In the EWAB’s first meeting on September 18, 2023, the question was raised of how to prioritize workforce strategies that serve underrepresented groups. We applaud the discussion of the need for apprenticeship and workforce development opportunities for underrepresented populations, including efforts to incorporate traditional knowledge and increase capacity building within Tribes. Furthermore, we appreciate recognition of the importance of supporting early-career scientists and engineers and building capacity at Minority Serving Institutions. Historically, communities of color have been the last to benefit from federal investments and Black workers are vastly underrepresented in the clean energy workforce. In keeping with the Biden-Harris Administration’s Justice40 goals, we encourage the EWAB to provide recommendations to ensure that training and workforce development benefits flow equitably to disadvantaged communities.
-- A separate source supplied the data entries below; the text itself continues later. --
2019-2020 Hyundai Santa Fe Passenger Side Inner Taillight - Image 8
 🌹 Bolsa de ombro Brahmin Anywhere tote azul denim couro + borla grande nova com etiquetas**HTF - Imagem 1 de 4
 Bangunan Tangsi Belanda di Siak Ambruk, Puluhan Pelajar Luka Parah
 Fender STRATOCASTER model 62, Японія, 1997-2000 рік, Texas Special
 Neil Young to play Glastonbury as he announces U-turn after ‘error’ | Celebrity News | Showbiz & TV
We consistently hear from families in our districts about problems accessing affordable child care, transportation, and housing and know that these challenges can be prohibitive to workforce participation, particularly when training or retraining is required. The lack of access to child care particularly affects women workers who already only make up 26 percent of the energy workforce. Thus, we were glad to see wraparound services included within the scope of the EWAB Subcommittee on Combating Barriers to Energy Employment. Moving forward, we urge the EWAB to develop robust recommendations on ways in which the Department of Energy and partner agencies can provide comprehensive support to enable workers from all backgrounds to participate in the clean energy economy.

Furthermore, we hope to see the EWAB continue to address worker retraining and technical development in the clean energy sector, particularly in energy communities and communities impacted by industrial sector closures, relocations, and large scale layoffs. Ensuring that the workforce has accessible training and development opportunities will help level the playing field for workers and continue to grow our capacity to build and maintain a robust domestic clean energy supply chain. Additionally, as investments from the Inflation Reduction Act continue to drive the transition to a clean energy economy, we urge the EWAB to support prevailing wage standards for all clean energy projects to provide opportunities for workers from all backgrounds to enter the clean energy workforce.

Lastly, we request that you not only consult with the Department of Labor (DOL), as is required under Section 40211 of the Infrastructure Investment and Jobs Act, but work closely with DOL to identify the skills necessary for the energy sectors most in need of training. DOL is the principal U.S. agency charged with ensuring our economy has a skilled workforce and has decades of experience working with businesses, training providers, and local communities to carry out this mission. DOL led the Good Jobs Initiative and identified the key principles that make up high quality careers, such as family sustainable wages, worker empowerment, and access to benefits. DOL also oversees the Workforce Innovation and Opportunity Act, which is the backbone of our country’s workforce system. Working with DOL will help to ensure that the 21st century energy workforce will not only sustain a clean energy economy, but a robust middle class.

Thank you for your dedication to these issues. We look forward to continuing to partner with you to support job creation during the clean energy transition.